= Health Care in Canada Survey =

Health survey in Canada

The Health Care in Canada Survey (HCIC) is a comprehensive annual survey of Canadian public and health care providers’ opinions on health care issues. It was conducted annually over the decade 1998–2007, and was developed to provide direction for governments as they work to manage health care reform.

The intent and spirit of the survey was not to provide a report card on the status of the health system, but rather to gauge the need for change, and to provide direction to government on where change is needed, and the options supported by stakeholders of the system. The results from the survey can help guide decision makers, serving as a roadmap to health system reform.

Results from the survey were based on telephone interviews with nationally representative samples of 1,223 members of the Canadian public, 202 doctors, 201 nurses, 202 pharmacists and 201 health managers.
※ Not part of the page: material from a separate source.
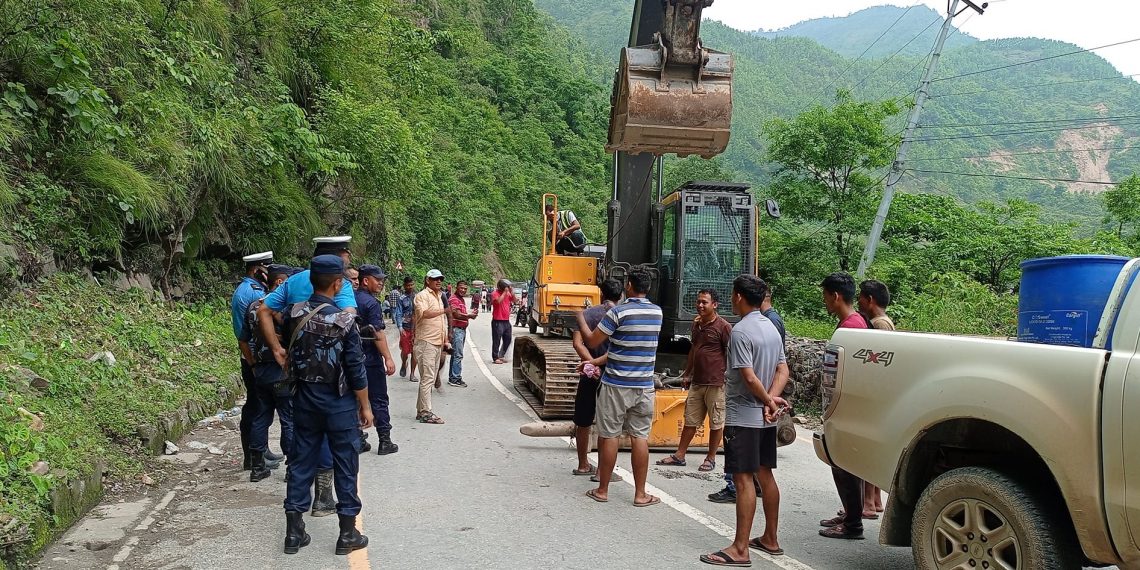 मुग्लिन-आँबुखैरेनी सडककाे भासिएको ठाउँमा पहरो काटेर  खुलाउने तयारी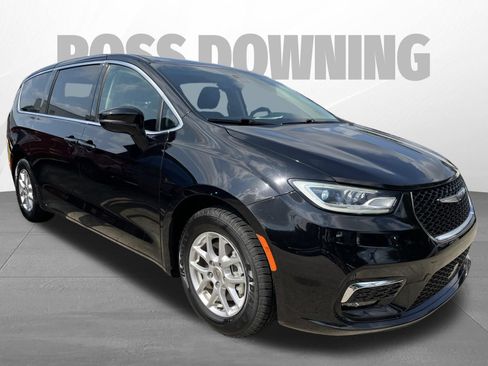 Used 2024 Chrysler Pacifica Touring-L FWD image 3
The questions were developed by POLLARA Research working in consultation with their partner organizations.

The survey was developed in partnership with a variety of key stakeholders in the healthcare system, working together to provide their experience and perspective on the system. The goal of the partnership was to develop a resource that provides strong direction to decision makers in this time of health care review and reform. Partners included - Association of Canadian Academic Healthcare Organizations, Canadian Healthcare Association, Canadian Home Care Association, Canadian Medical Association, Canadian Nurses Association, Health Charities Coalition of Canada, Université de Montréal - Groupe de recherche en gestion thérapeutique, Merck Frosst Canada Ltd., POLLARA Research, and Rogers Media. The partnership grew from three partners in 1998 to ten in its final year. The partnership represented a broad base of stakeholders in the system, including health care providers, health organizations and institutions, university institutes, the community and homecare sectors, and the innovative pharmaceutical industry.

A number of features made the survey unique. The first is the partnership of a range of stakeholder groups. Secondly, the experiences of the public and health care providers are captured, providing the ability to compare and contrast the reflections of these groups. Third, it was an annual survey, allowing for the tracking of trends over time, highlighting evolving appetites for change, priorities, and preferences.